Task data:
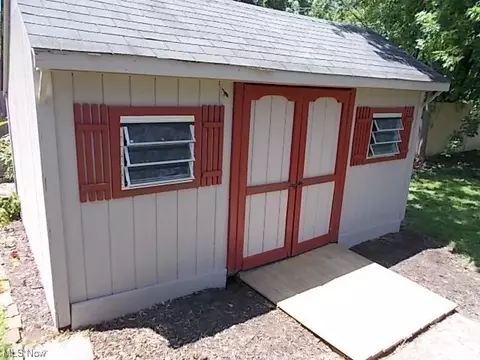 358 Columbus St, Elyria, OH 44035 photo 25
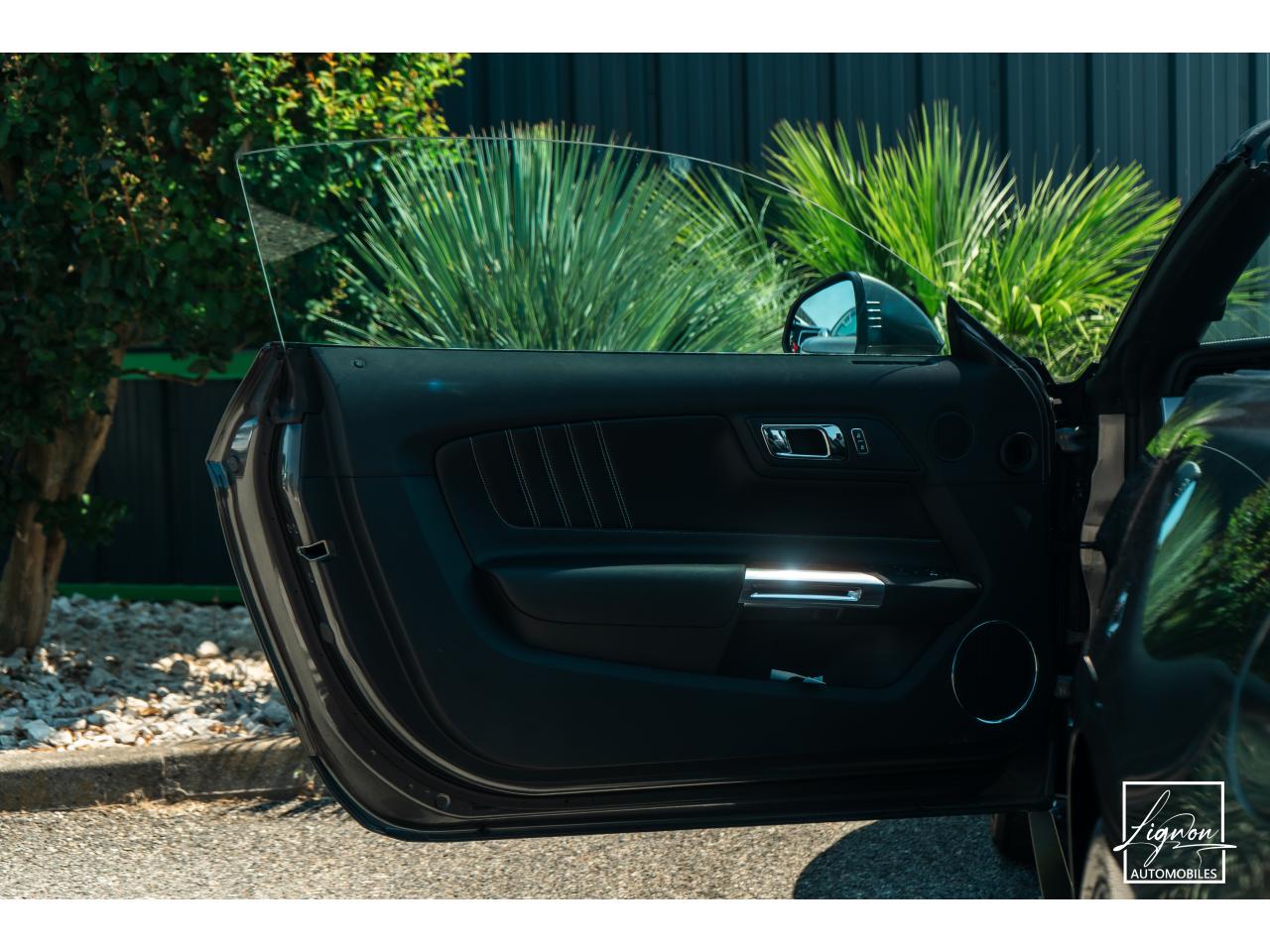 Photo FORD MUSTANG Cabriolet 5.0 V8 - 421 - BVA  GT - 1er main - à partir de 642 euros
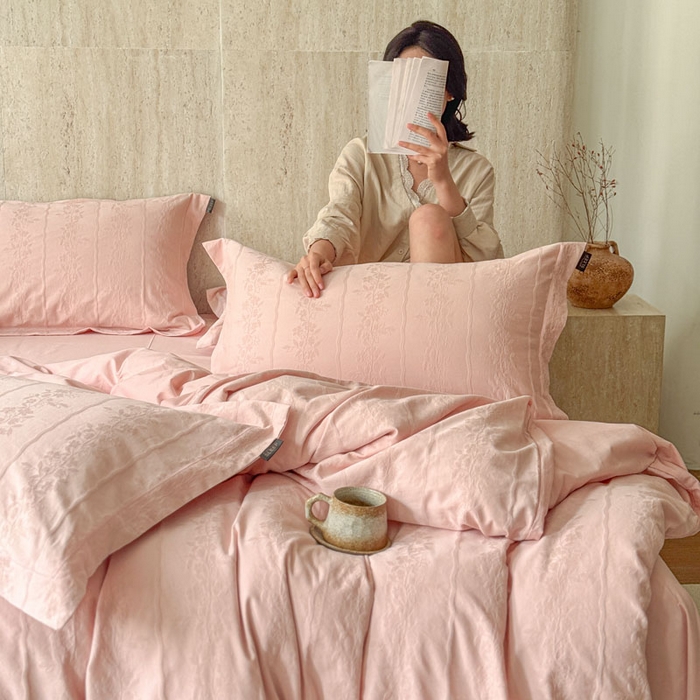 91家纺网 家纺一手货源 找家纺 莱豫家纺 2026春夏新款长绒棉全棉纯棉水洗浮雕提花四件套 米娅粉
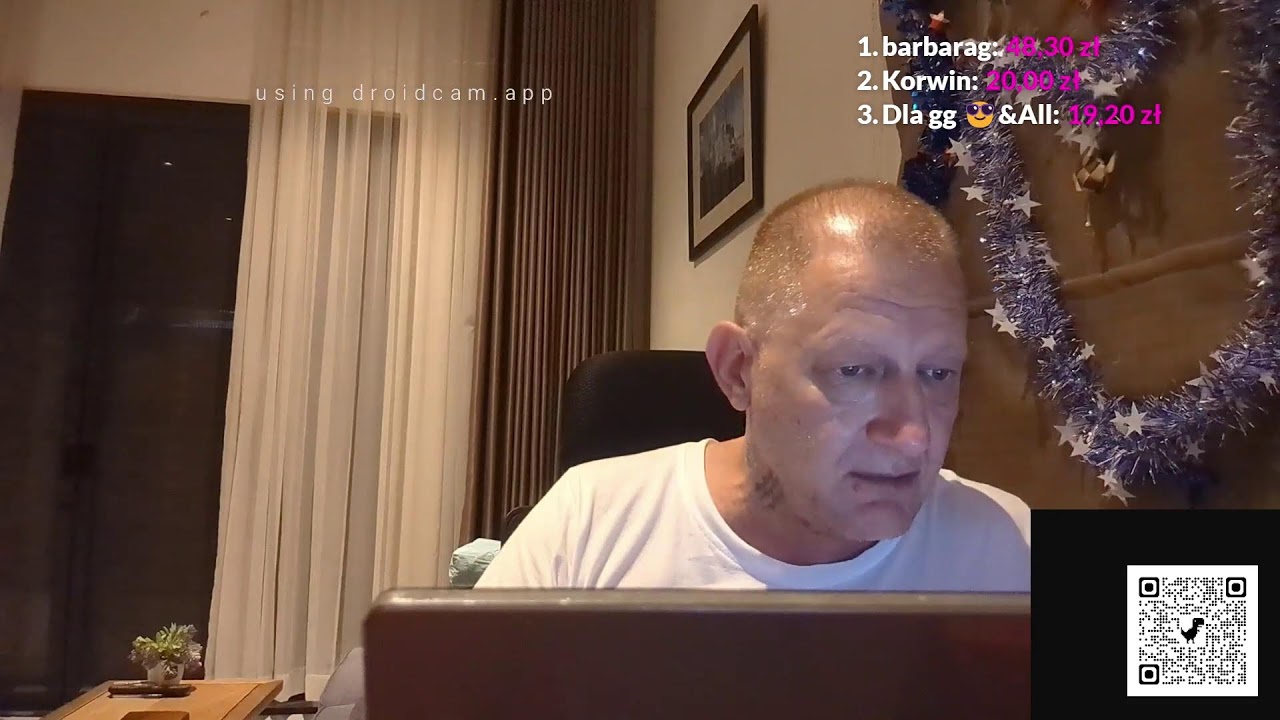 Adam sam się sabotuje.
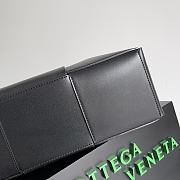 Bottega Veneta Leather Intreccio Weave Tote Bag Black Size 47x33x13 cm - 5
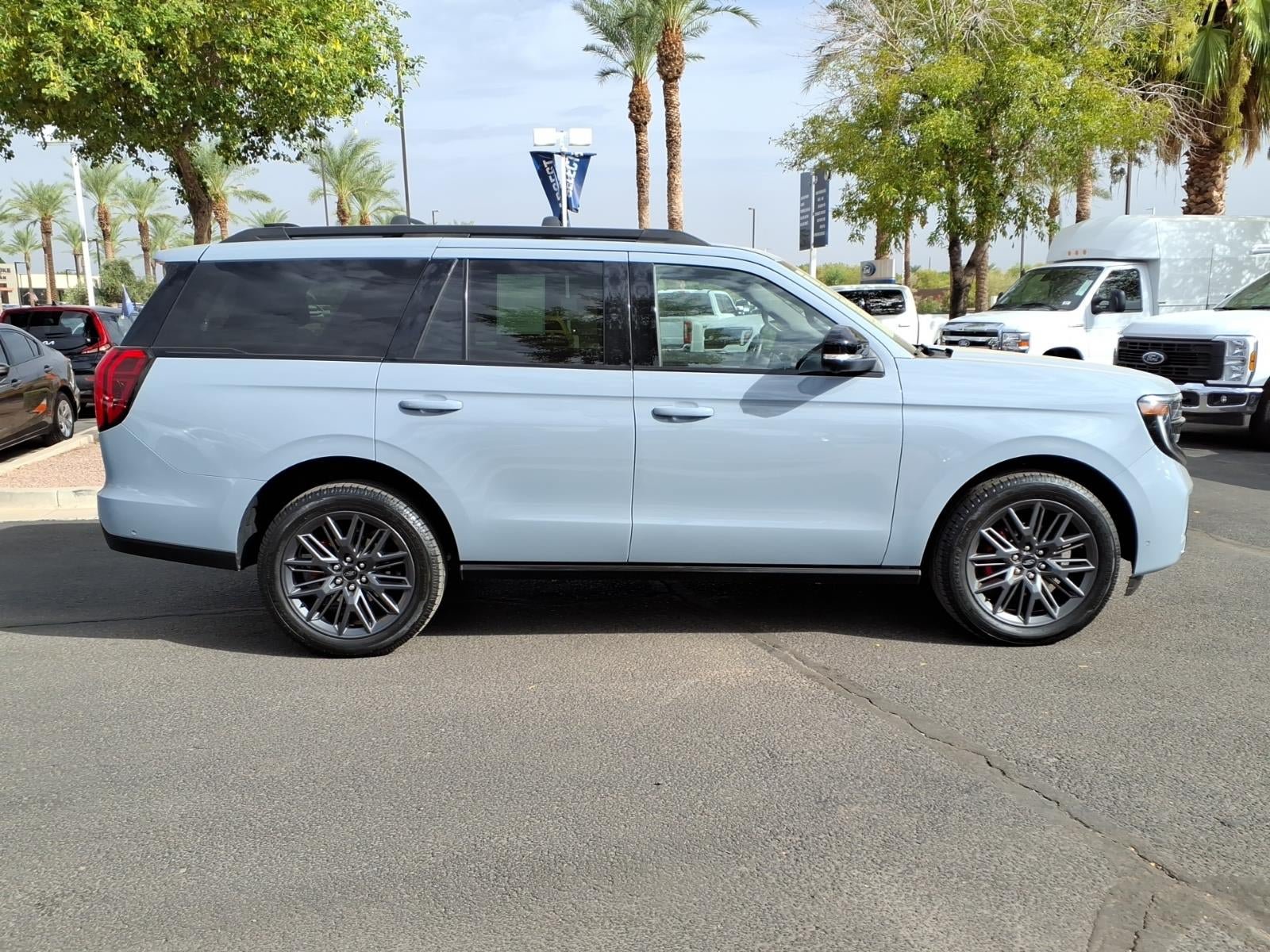 Certified 2025 Ford Expedition Platinum w/ Stealth Performance Package AWD/4WD image 3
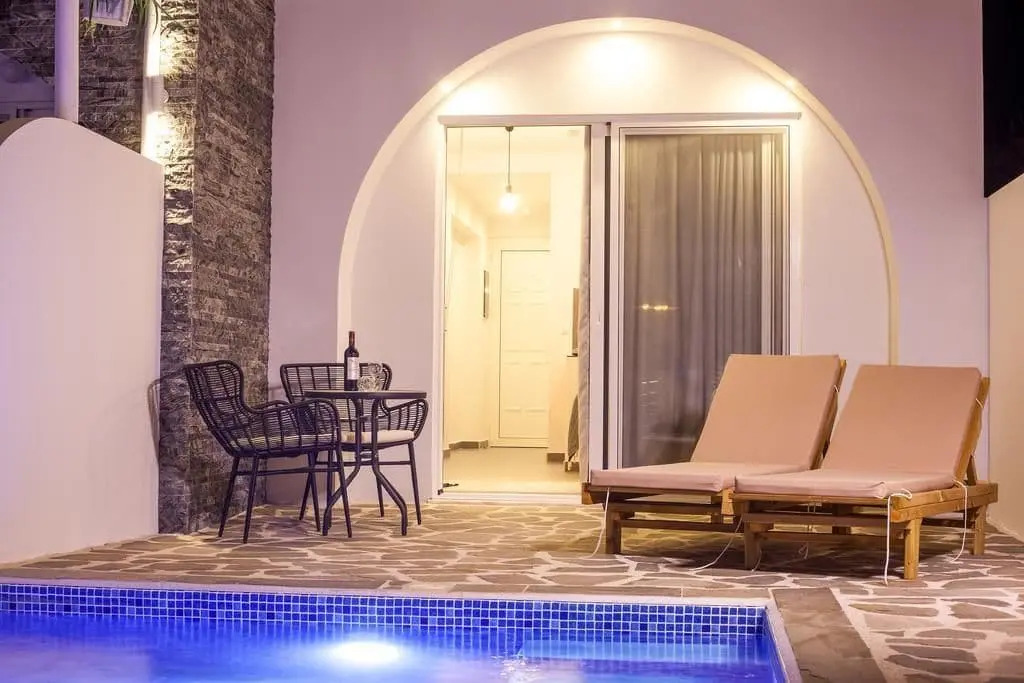 Alexander Studios & Suites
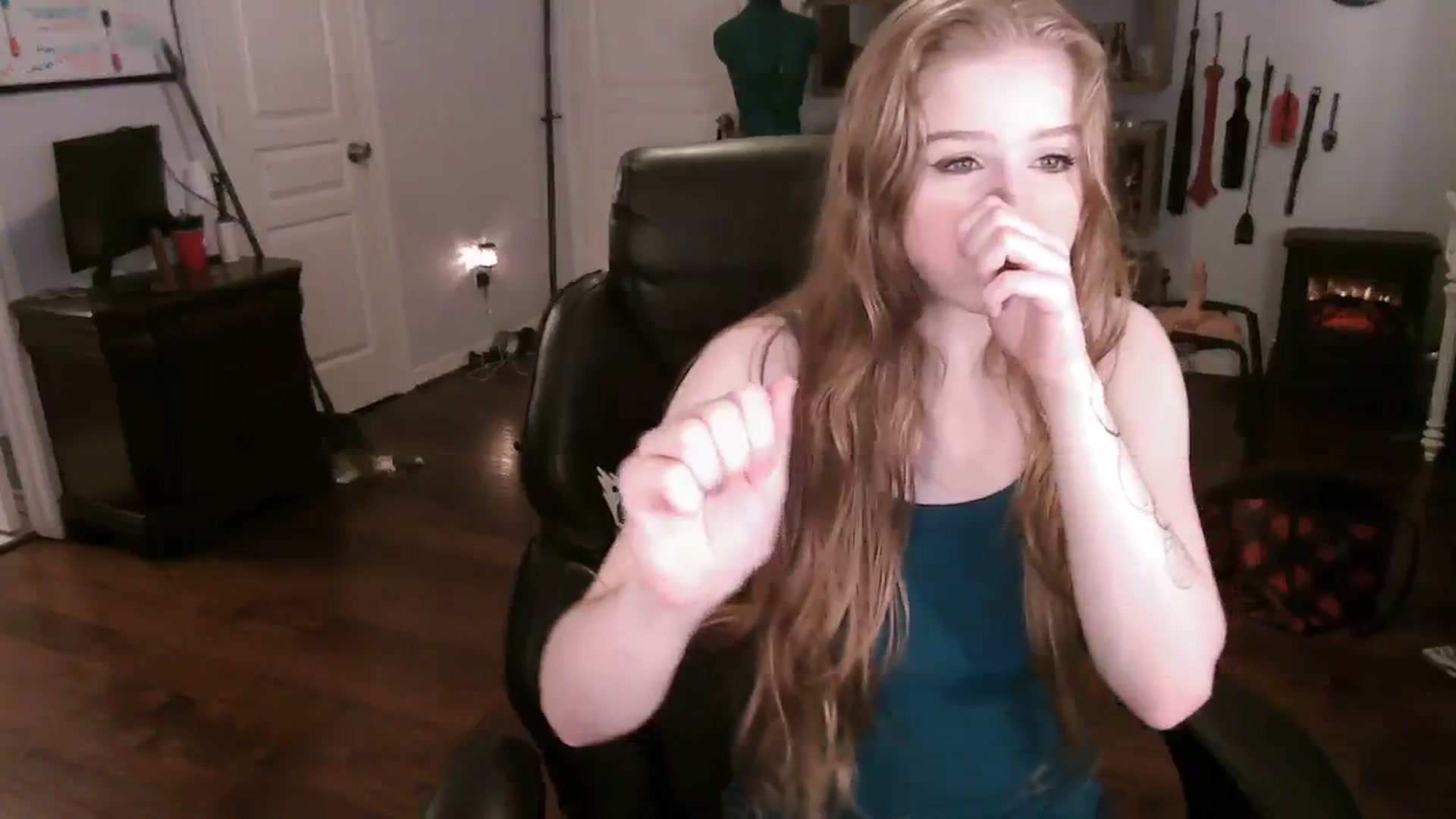 Gallery image thumbnail from Bunnydathug's myfreecams stream on, 11/14/2023, 11:39 image 17 of 20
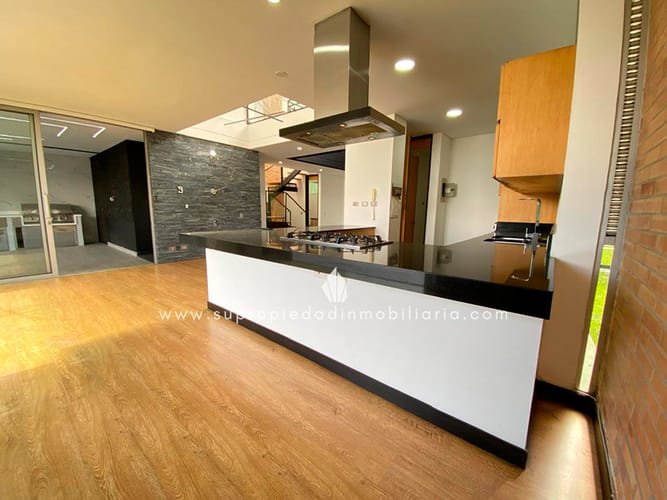 Casa de 4 alcobas en venta en Loma El Atravesado, Envigado, 380 m² · foto 4 de 24
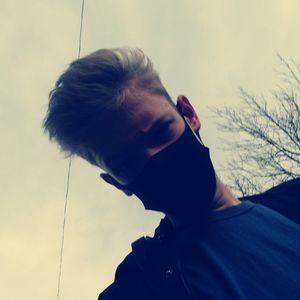 Руки на стол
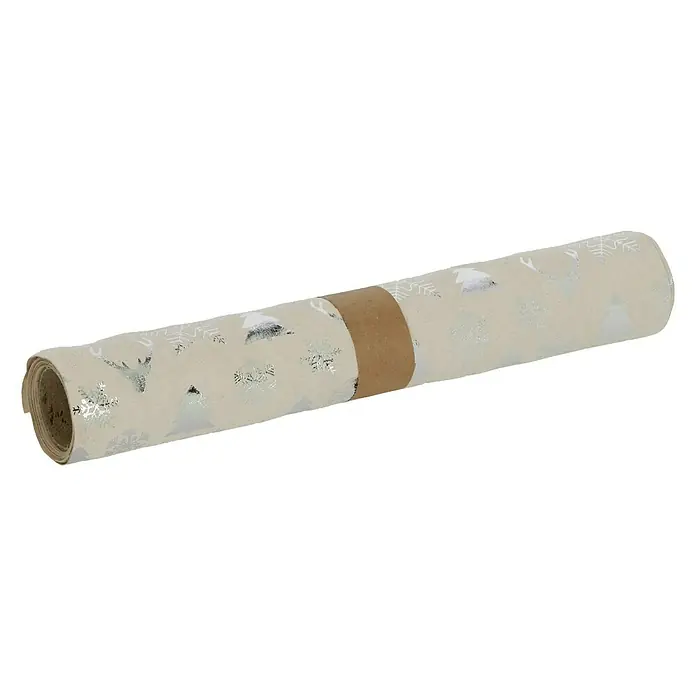 Dekostoff - Beige/Silber, 200 x 28 cm - Nahaufnahme einer Rolle Geschenkpapier mit winterlichen Silbermotiven und einer braunen Banderole, ideal zum stilvollen Verpacken von Weihnachtsgeschenken.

Work instruction: A faithful copy of each entry is required, and no picture may be carried into it.

Exercise output:
 358 Columbus St, Elyria, OH 44035 photo 25
 Photo FORD MUSTANG Cabriolet 5.0 V8 - 421 - BVA  GT - 1er main - à partir de 642 euros
 91家纺网 家纺一手货源 找家纺 莱豫家纺 2026春夏新款长绒棉全棉纯棉水洗浮雕提花四件套 米娅粉
 Adam sam się sabotuje.
 Bottega Veneta Leather Intreccio Weave Tote Bag Black Size 47x33x13 cm - 5
 Certified 2025 Ford Expedition Platinum w/ Stealth Performance Package AWD/4WD image 3
 Alexander Studios & Suites
 Gallery image thumbnail from Bunnydathug's myfreecams stream on, 11/14/2023, 11:39 image 17 of 20
 Casa de 4 alcobas en venta en Loma El Atravesado, Envigado, 380 m² · foto 4 de 24
 Руки на стол
 Dekostoff - Beige/Silber, 200 x 28 cm - Nahaufnahme einer Rolle Geschenkpapier mit winterlichen Silbermotiven und einer braunen Banderole, ideal zum stilvollen Verpacken von Weihnachtsgeschenken.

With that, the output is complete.